BD-I is the critical differential. It requires at least one lifetime manic episode. If a patient’s reported ‘hypomanic’ episode caused marked functional impairment, required hospitalization, or was accompanied by psychotic features, the diagnosis must be BD-I. A thorough longitudinal history and collateral information are essential. A single missed manic episode completely alters both the diagnosis and treatment plan (APA, 2022).

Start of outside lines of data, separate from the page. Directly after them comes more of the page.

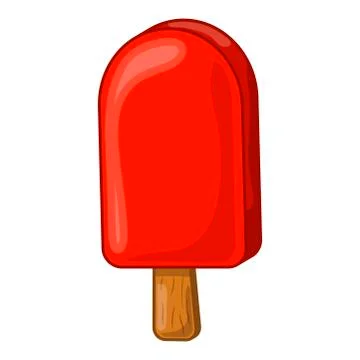 Ice cream on stick vector symbol icon design. Stock Illustration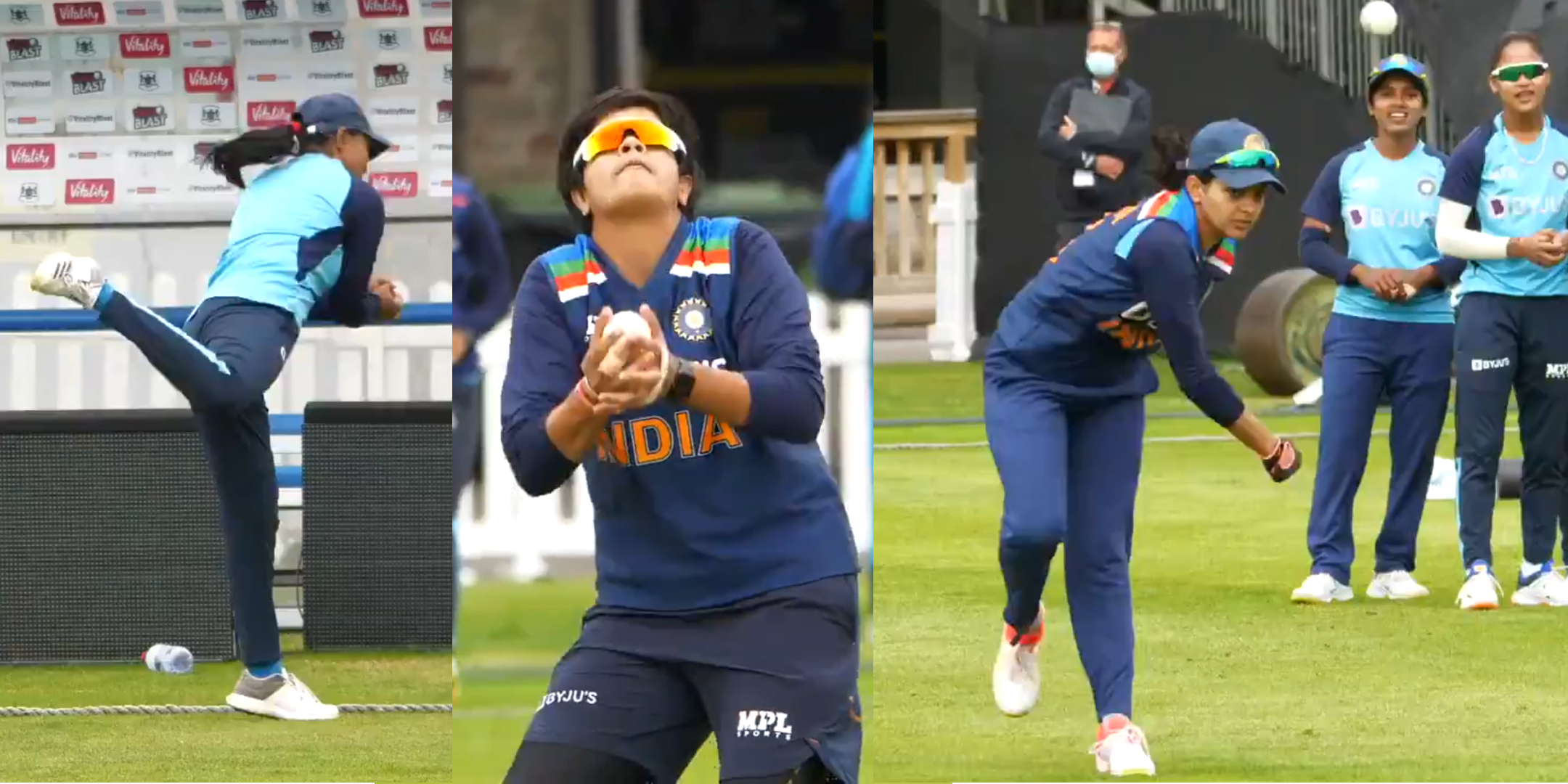 Watch: India’s Fun Practice Session Ahead Of The First ODI Against England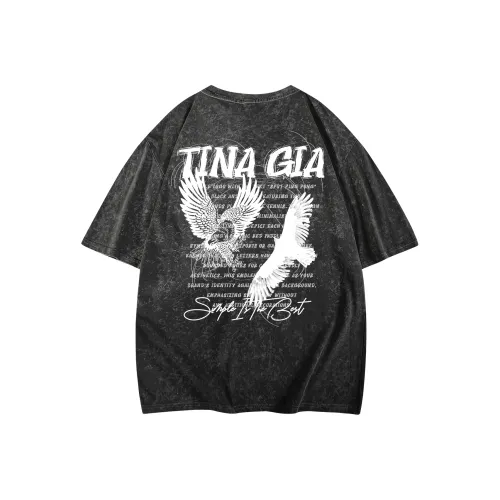 TINA GIA T Shirts Unisex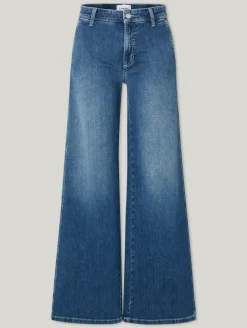 Jeans mit weitem Bein ALEK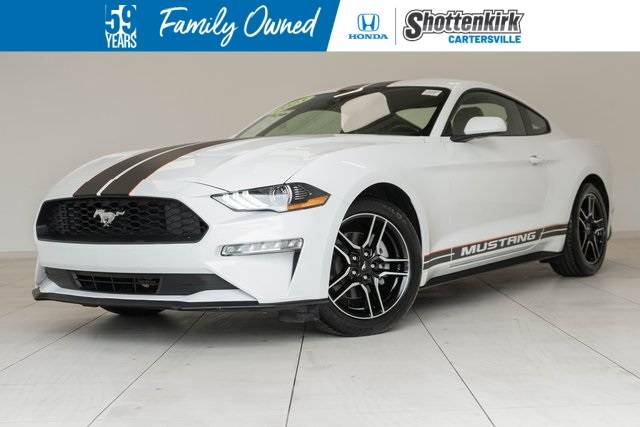 2023 Ford Mustang EcoBoost Premium — Coupe — 30,825 mi — Cartersville, GA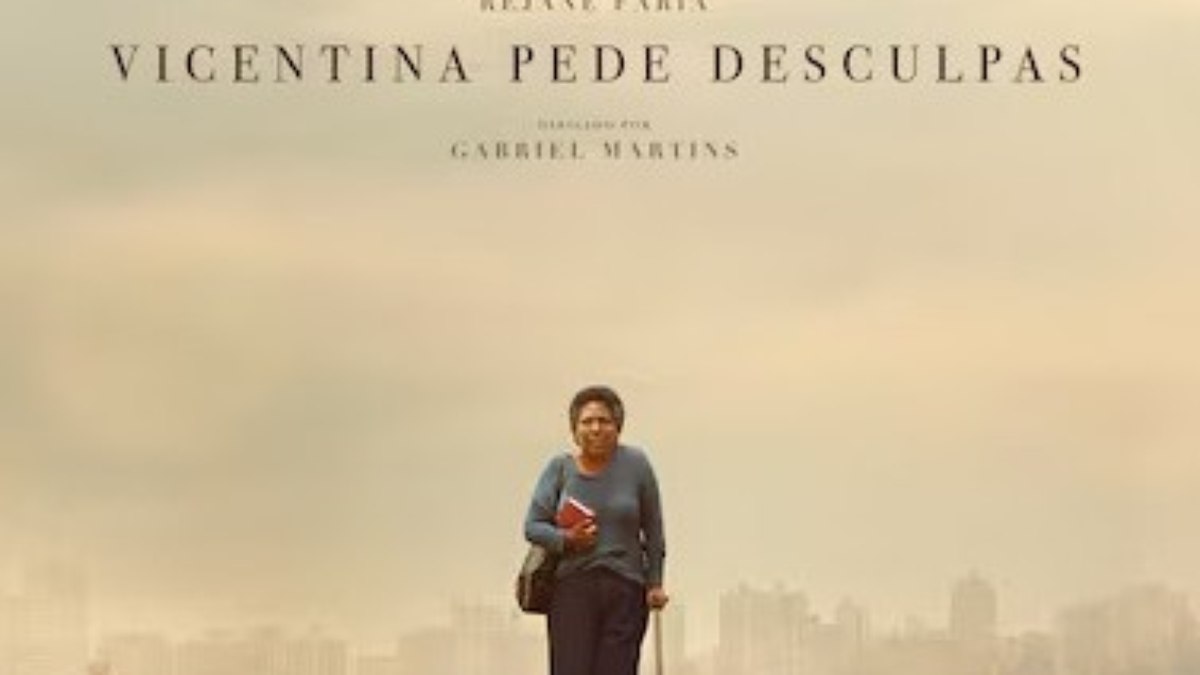 Vicentina Pede Desculpas  está na corrida por uma vaga no Oscar 2026.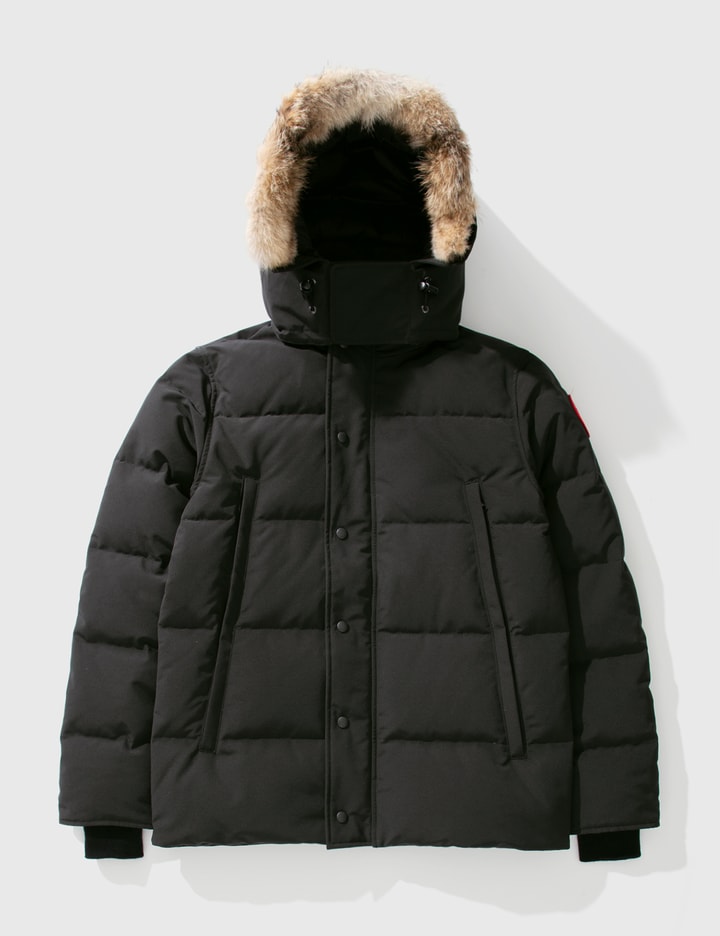 Canada Goose Wyndham Parka Coat Farfetch | atelier-yuwa.ciao.jp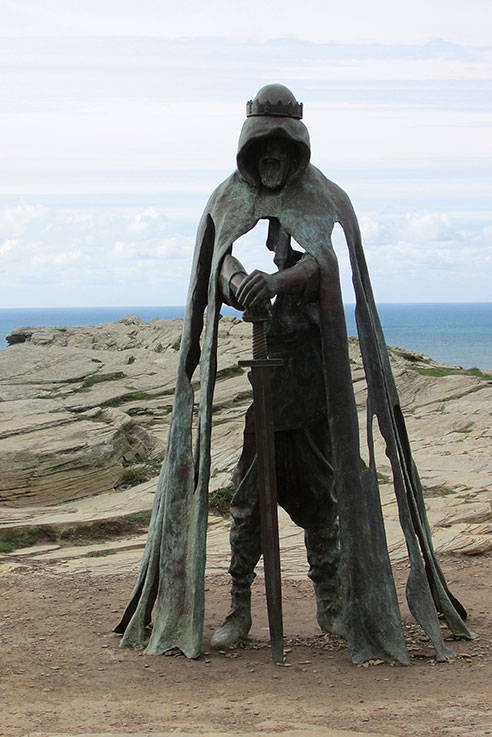 Dark Knight at Tintagel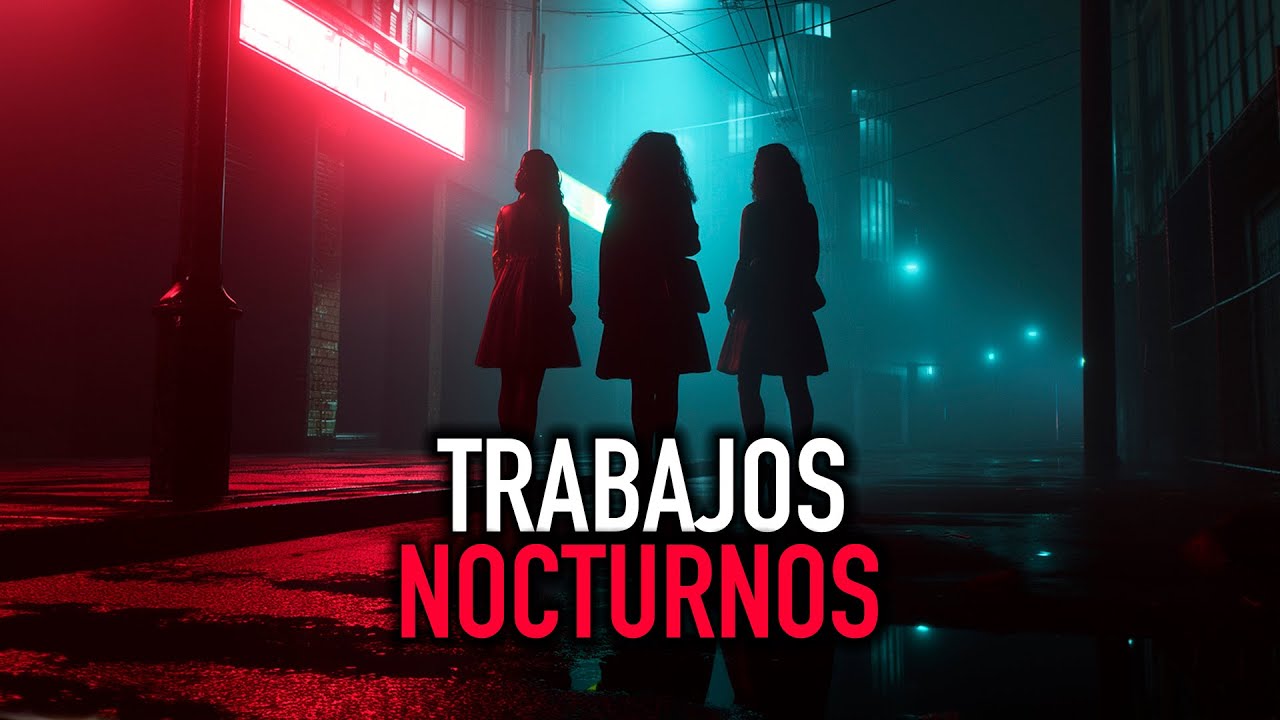 Trabajos Nocturnos | 4 Historias Siniestras y Macabras Jamás Contadas
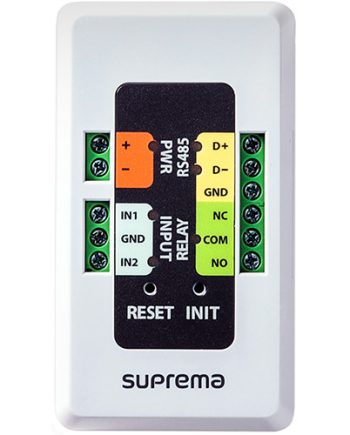 Suprema SIO2 Compact Secure Single Door I/O Expansion Module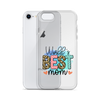 World's Best Mom Clear Case for iPhone®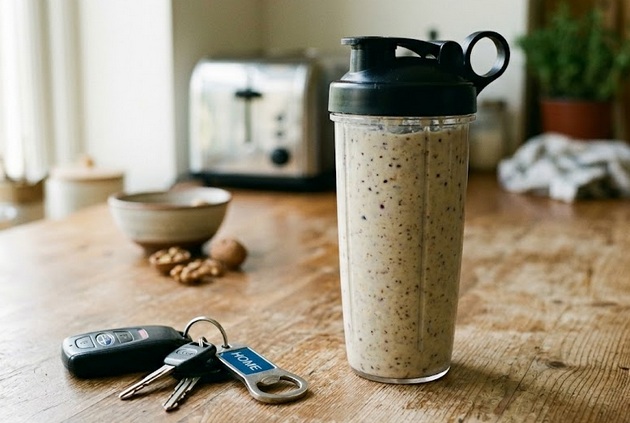 The Morning fuel: Power smoothie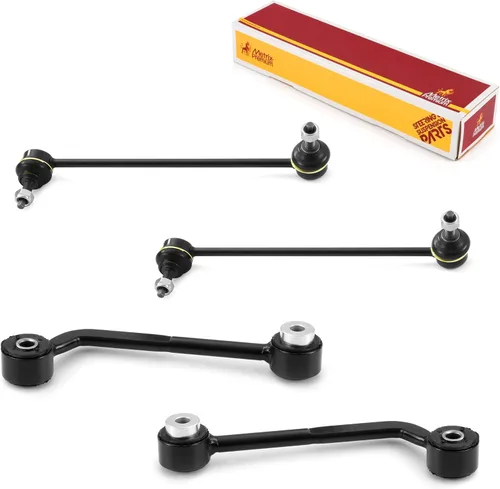 Miniatura 70 de Metrix Premium Piezas de Chasis - Kit de 4 Piezas de Enlace de Barra Estabilizadora Delantera y Trasera Compatible con Mercury Mariner 2009-2011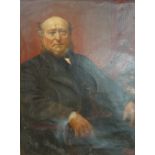 Victorian Oil on Canvas portrait,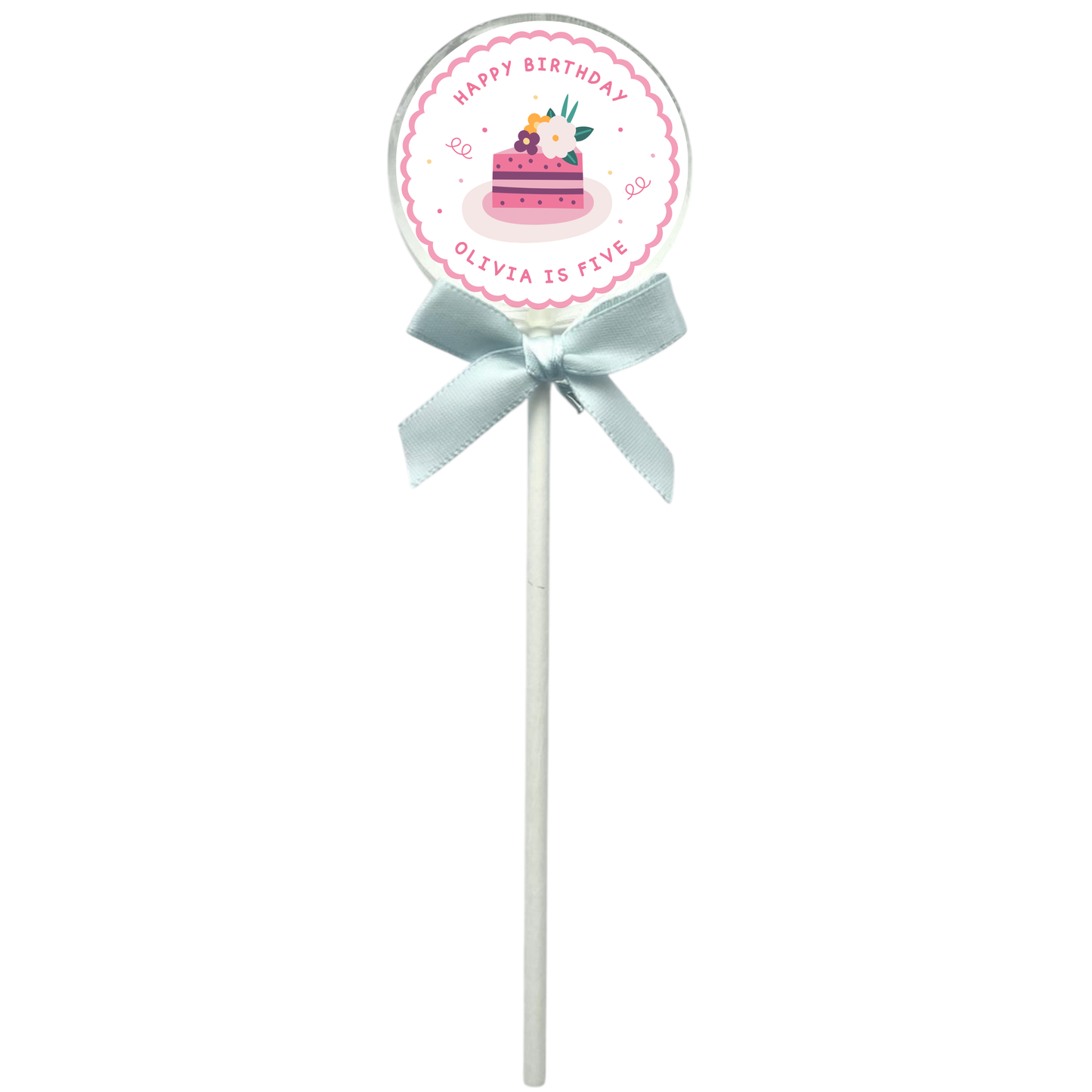 Slice of Fun Birthday Lollipop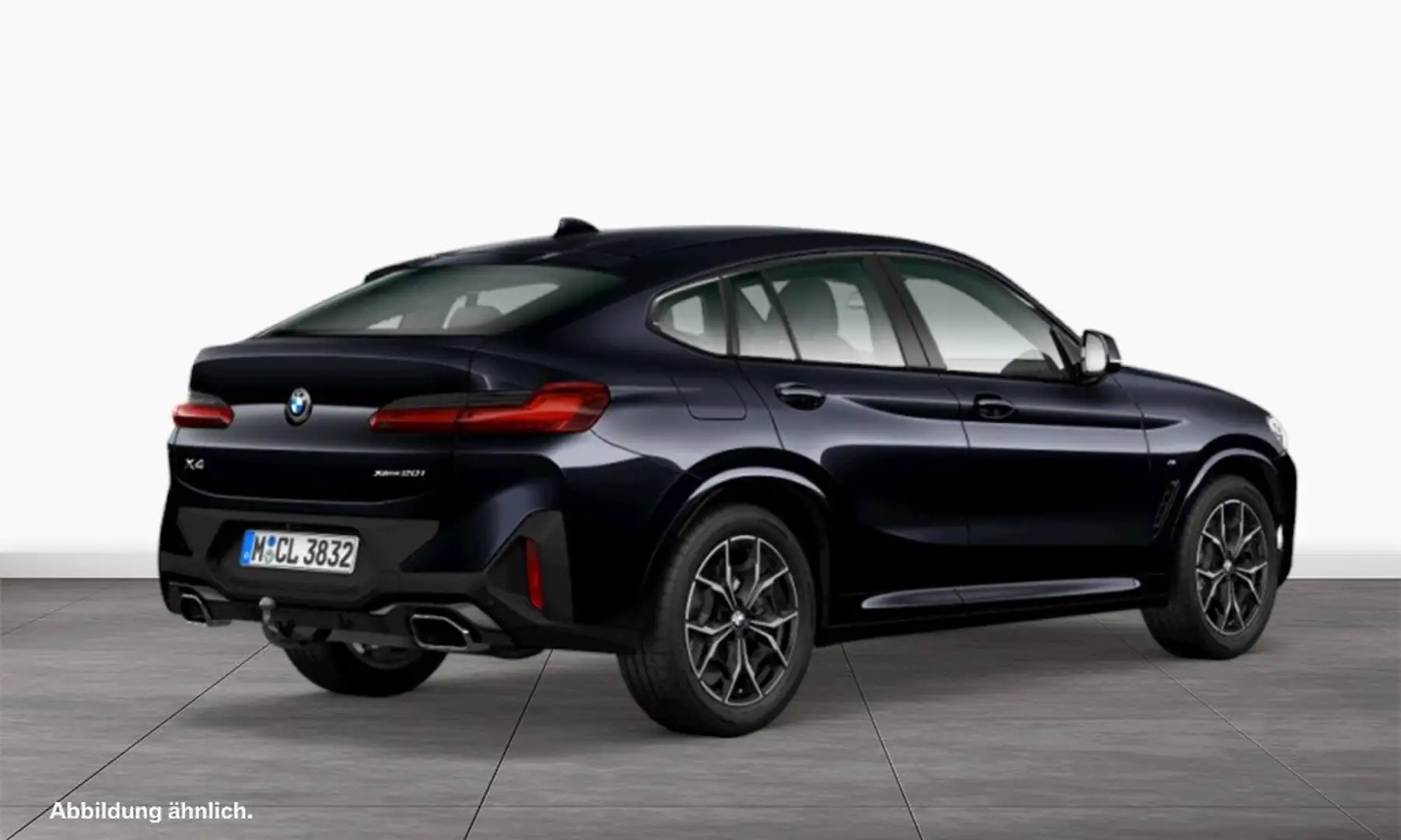 BMW X4 xDrive20i M Sportpaket HiFi DAB LED WLAN AHK Noir - 2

Major Depressive Disorder (MDD)

MDD is the most common misdiagnosis for BD-II. Patients with BD-II frequently present for treatment during depressive phases and may not volunteer a hypomanic history, either through lack of illness insight or through normalizing their hypomanic states. Clinicians must proactively screen for past hypomanic episodes using validated tools such as the MDQ and HCL-32, as well as collateral history. Prescribing antidepressant monotherapy on the basis of an MDD diagnosis carries the risk of precipitating mixed features, accelerating cycling, and triggering mood switches (Berk et al., 2025; Shah et al., 2017).

Cyclothymic Disorder

Cyclothymic disorder involves numerous periods of hypomanic and depressive symptoms that do not meet full criteria for a hypomanic or major depressive episode, persisting for at least two years. When criteria for both a hypomanic episode and a major depressive episode are met at any point, BD-II takes diagnostic precedence (APA, 2022). Cyclothymic temperament is a significant premorbid predictor of BD-II (Berk et al., 2025).

Borderline Personality Disorder (BPD)

BPD is one of the most clinically challenging differentials for BD-II. Overlapping features include affective instability, impulsivity, interpersonal sensitivity, and suicidal behaviour. There are several key distinguishing features. In BPD, affective shifts are typically reactive to interpersonal stressors and last hours to days; in BD-II, mood episodes last days to weeks without requiring an interpersonal trigger. BD-II hypomanic episodes involve increased energy and decreased sleep need — features that are absent in BPD. It is also important to note that borderline personality traits are significantly more frequent and severe in BD-II than in BD-I, and both conditions commonly co-occur (Berk et al., 2025). Longitudinal assessment over multiple encounters is the most reliable differentiating strategy.

Attention-Deficit/Hyperactivity Disorder (ADHD)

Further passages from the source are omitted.